→ Task description
Find the line with "Used 2023 Hyundai" in the listing below. Write it out exactly, along with every later line up to the final one.

→ Data extracts
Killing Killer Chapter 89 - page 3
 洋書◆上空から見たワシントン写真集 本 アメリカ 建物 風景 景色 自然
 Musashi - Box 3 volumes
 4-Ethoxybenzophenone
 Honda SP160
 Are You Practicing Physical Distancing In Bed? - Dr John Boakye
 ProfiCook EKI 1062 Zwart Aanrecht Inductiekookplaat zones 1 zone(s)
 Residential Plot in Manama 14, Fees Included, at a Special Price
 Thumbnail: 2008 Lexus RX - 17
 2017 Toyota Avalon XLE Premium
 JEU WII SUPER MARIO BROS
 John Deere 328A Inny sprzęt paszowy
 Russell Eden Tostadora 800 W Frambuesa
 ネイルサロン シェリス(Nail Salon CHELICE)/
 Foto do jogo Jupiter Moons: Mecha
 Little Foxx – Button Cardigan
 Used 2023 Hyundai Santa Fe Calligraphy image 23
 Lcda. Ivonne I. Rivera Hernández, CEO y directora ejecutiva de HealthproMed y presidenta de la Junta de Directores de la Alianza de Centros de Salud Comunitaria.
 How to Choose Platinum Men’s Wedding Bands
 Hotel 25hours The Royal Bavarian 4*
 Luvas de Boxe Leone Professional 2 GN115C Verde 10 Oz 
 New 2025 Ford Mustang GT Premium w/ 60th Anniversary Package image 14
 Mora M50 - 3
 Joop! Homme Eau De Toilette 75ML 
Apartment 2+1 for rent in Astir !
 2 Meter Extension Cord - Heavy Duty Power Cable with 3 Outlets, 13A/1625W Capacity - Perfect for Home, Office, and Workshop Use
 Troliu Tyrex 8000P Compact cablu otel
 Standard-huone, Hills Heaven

→ Output of the exercise
 Used 2023 Hyundai Santa Fe Calligraphy image 23
 Lcda. Ivonne I. Rivera Hernández, CEO y directora ejecutiva de HealthproMed y presidenta de la Junta de Directores de la Alianza de Centros de Salud Comunitaria.
 How to Choose Platinum Men’s Wedding Bands
 Hotel 25hours The Royal Bavarian 4*
 Luvas de Boxe Leone Professional 2 GN115C Verde 10 Oz 
 New 2025 Ford Mustang GT Premium w/ 60th Anniversary Package image 14
 Mora M50 - 3
 Joop! Homme Eau De Toilette 75ML 
Apartment 2+1 for rent in Astir !
 2 Meter Extension Cord - Heavy Duty Power Cable with 3 Outlets, 13A/1625W Capacity - Perfect for Home, Office, and Workshop Use
 Troliu Tyrex 8000P Compact cablu otel
 Standard-huone, Hills Heaven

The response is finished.